American actor (born 1971)

Mark Robert Michael Wahlberg (born June 5, 1971), formerly known by his stage name Marky Mark, is an American actor, producer, and former rapper. His work as a leading man spans the comedy, drama, and action genres. He has received multiple accolades, including a BAFTA TV Award and a Sports Emmy Award, and nominations for two Academy Awards, three Golden Globes, and nine Primetime Emmy Awards.

Wahlberg was born in Boston. As a youth, he took part in a number of violent and racially motivated attacks, resulting in a felony conviction. He gained fame as a member of the hip hop group Marky Mark and the Funky Bunch in the 1990s, with whom he released the albums Music for the People (1991) and You Gotta Believe (1992). Wahlberg made his screen debut in Renaissance Man (1994) and had his first starring role in Fear (1996). He received critical praise for his performance as porn actor Dirk Diggler in Boogie Nights (1997).

In the early 2000s, Wahlberg ventured into big-budget action movies, such as The Perfect Storm (2000), Planet of the Apes (2001), and The Italian Job (2003). He was nominated for the Academy Award for Best Supporting Actor for playing a police officer in the crime drama The Departed (2006). He was nominated for the Golden Globe Award for Best Actor for portraying Micky Ward in the sports drama biopic The Fighter (2010); as co-producer, he was nominated for the Academy Award for Best Picture. During the 2010s, Wahlberg landed successful comedy roles with The Other Guys (2010), Ted (2012), Ted 2 (2015), Daddy's Home (2015), and Daddy's Home 2 (2017). He also starred in the Transformers films Age of Extinction (2014) and The Last Knight (2017). He was the world's highest-paid actor in 2017.

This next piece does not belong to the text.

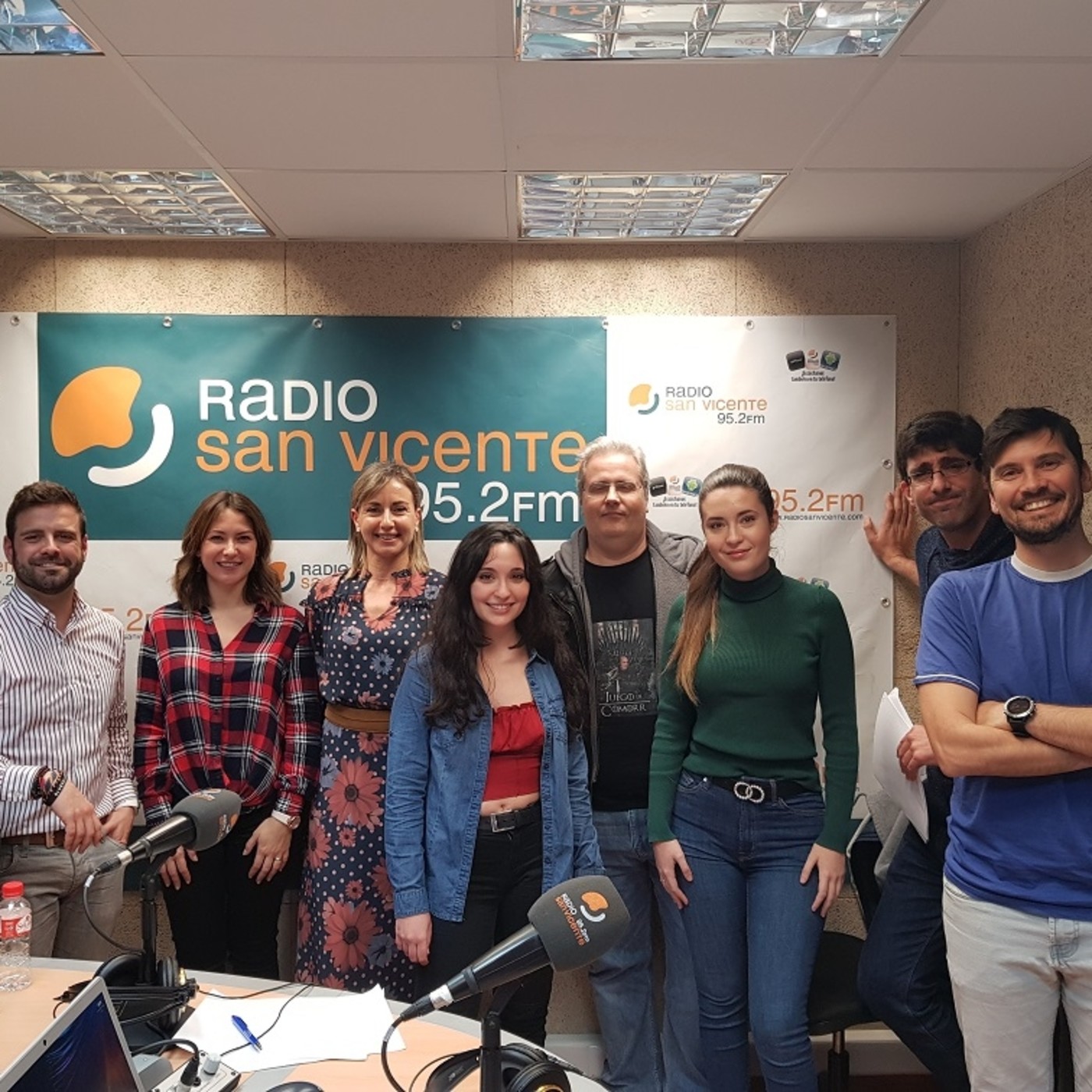 Ciudad Universitaria - 2020.02.19 'Recetas, Empleo, Escape Rooms y Gamificación Histórica' episode artwork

Wahlberg served as executive producer of five HBO series: the comedy-drama Entourage (2004–2011), the period crime drama Boardwalk Empire (2010–2014), the comedy-dramas How to Make It in America (2010–2011) and Ballers (2015–2019), and the documentary McMillions (2020). He is co-owner of the Wahlburgers chain and co-starred in the reality TV series about it. Wahlberg received a star on the Hollywood Walk of Fame in 2010.

==Early life and family==
Mark Robert Michael Wahlberg was born on June 5, 1971, in the Dorchester neighborhood of Boston, Massachusetts. He is the youngest of nine children, including actor Robert and singer/actor Donnie. His mother, Alma Elaine (née Donnelly), was a bank clerk and a nurse's aide, and his father, Donald Edmond Wahlberg Sr., was a U.S. Army veteran of the Korean War. After his parents divorced in 1982, he divided his time between them.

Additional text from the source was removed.